ACTIVITY:
Go through the lines below and repeat each one exactly, skipping pictures.

======== SUPPLIED RECORDS

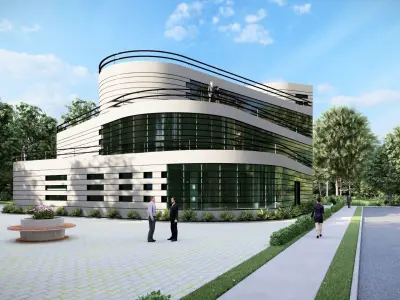 OFFICE BUILDING 3D model 428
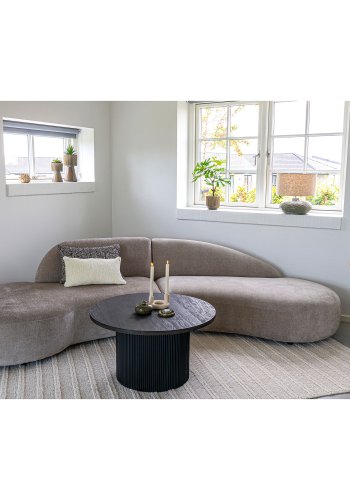 HOUSE NORDIC Sofa med 2 puter, chenille, natur, HN1256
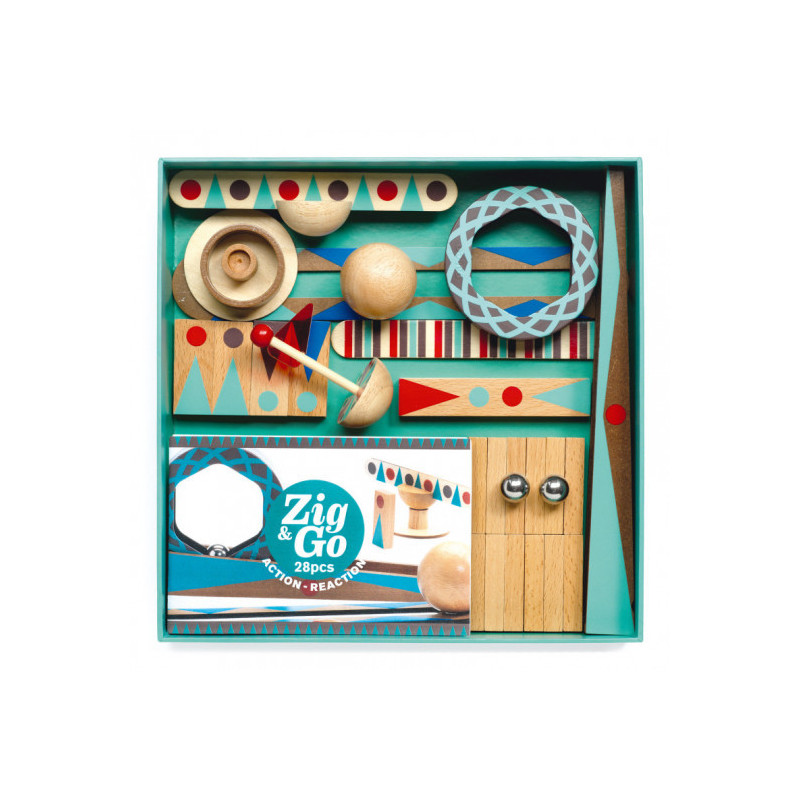 Djeco - Zig & Go - 28 pcs
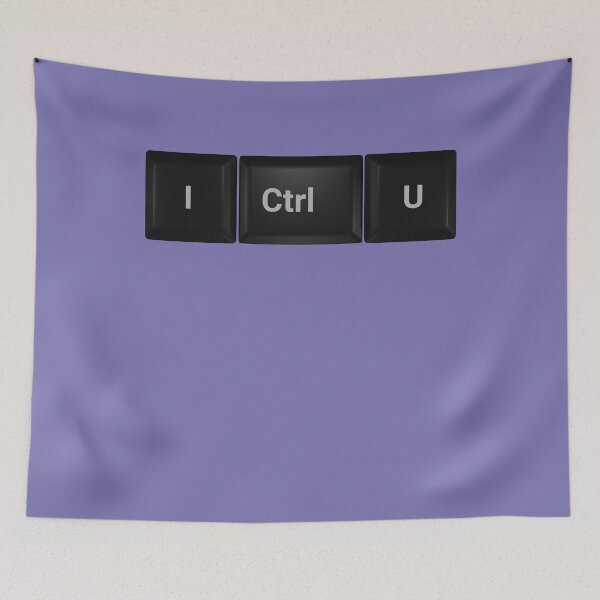 Item preview, I Control You - I Ctrl U Computer Keyboard Keys designed and sold by Malaclypse235.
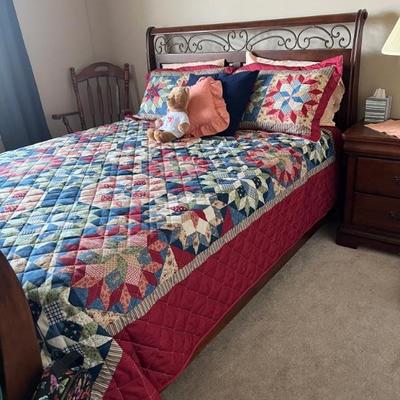 Queen bed with new mattresses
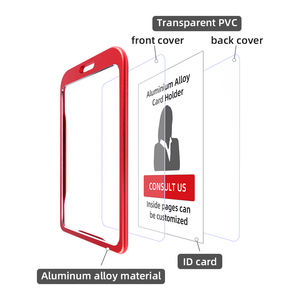 אופנה חדשה סגסוגת מתכת צליין סגסוגת כרטיס ביקור שם בעל כיסוי תג עיצוב - Product Image 4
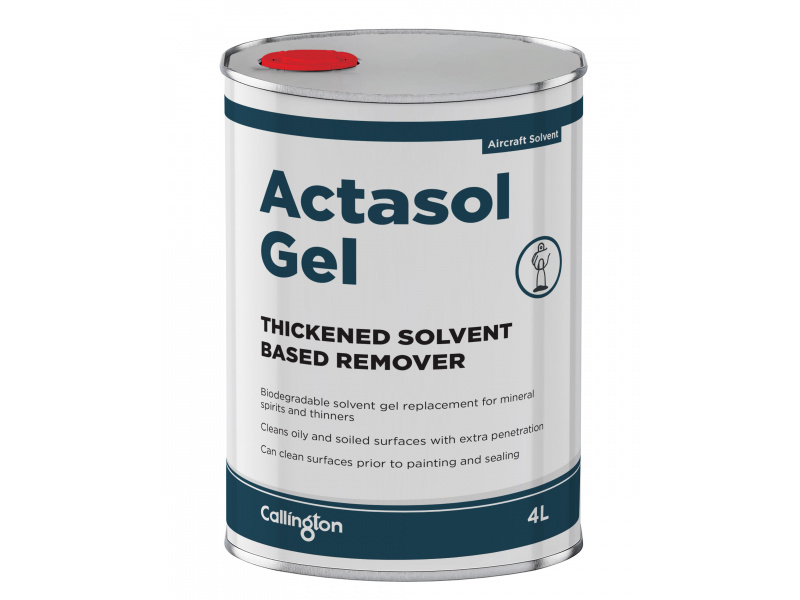5252/51 - CALLINGTON ACTASOL GEL - AIRCRAFT CLEANER SOLVENT REPLACEMENT - 20LT EA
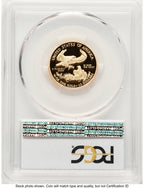 2013-W Proof Gold Eagle 1/4 oz Blue Gradient PCGS PR70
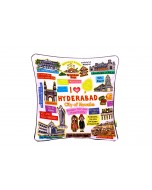 White Hyderabad Cushion Cover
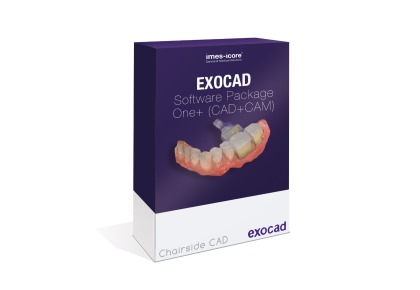 exocad ChairsideCAD Softwarepaket one+ (CAD + CAM)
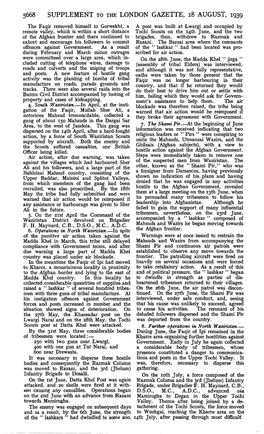5668 Supplement to the London Gazette, 18 August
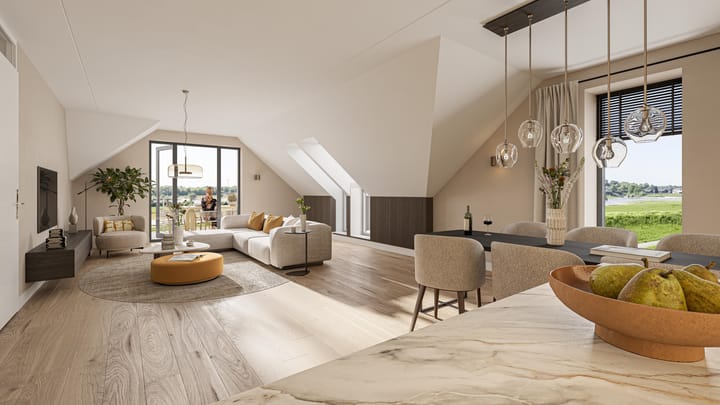 Foto van Bouwnummer 15 - Vierkamerappartement - Balkon - Derde verdieping - Zuid-Oost Bovenwoning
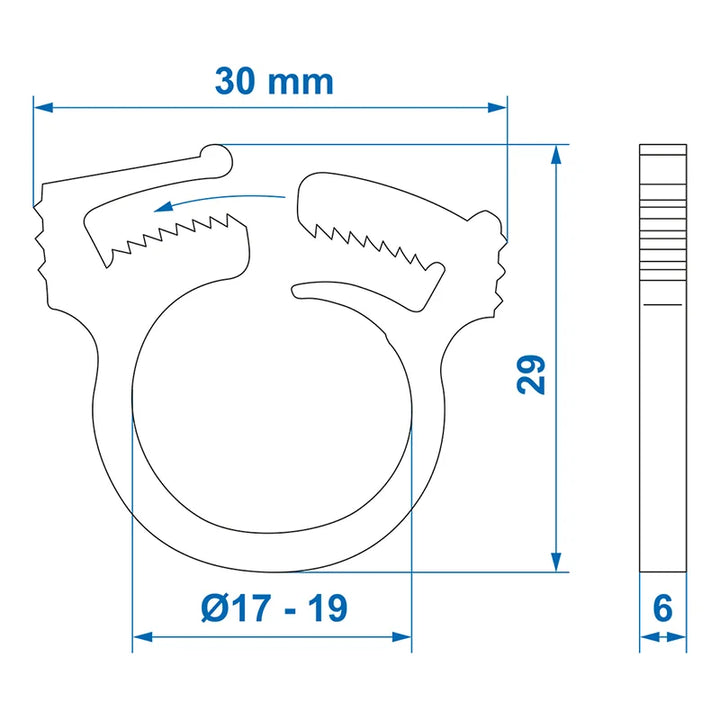 ProPlus Slangklem snapper 17-19mm 3 stuks in blister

================

RESPONSE BOX:
 OFFICE BUILDING 3D model 428
 HOUSE NORDIC Sofa med 2 puter, chenille, natur, HN1256
 Djeco - Zig & Go - 28 pcs
 Item preview, I Control You - I Ctrl U Computer Keyboard Keys designed and sold by Malaclypse235.
 Queen bed with new mattresses
 אופנה חדשה סגסוגת מתכת צליין סגסוגת כרטיס ביקור שם בעל כיסוי תג עיצוב - Product Image 4
5252/51 - CALLINGTON ACTASOL GEL - AIRCRAFT CLEANER SOLVENT REPLACEMENT - 20LT EA
 2013-W Proof Gold Eagle 1/4 oz Blue Gradient PCGS PR70
 White Hyderabad Cushion Cover
 exocad ChairsideCAD Softwarepaket one+ (CAD + CAM)
5668 Supplement to the London Gazette, 18 August
 Foto van Bouwnummer 15 - Vierkamerappartement - Balkon - Derde verdieping - Zuid-Oost Bovenwoning
 ProPlus Slangklem snapper 17-19mm 3 stuks in blister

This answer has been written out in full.